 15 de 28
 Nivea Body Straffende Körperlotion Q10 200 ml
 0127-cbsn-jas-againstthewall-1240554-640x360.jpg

* WORK REQUIRED: Every line above has to be restated word for word.

* ANSWER AREA:
 15 de 28
 Nivea Body Straffende Körperlotion Q10 200 ml
 0127-cbsn-jas-againstthewall-1240554-640x360.jpg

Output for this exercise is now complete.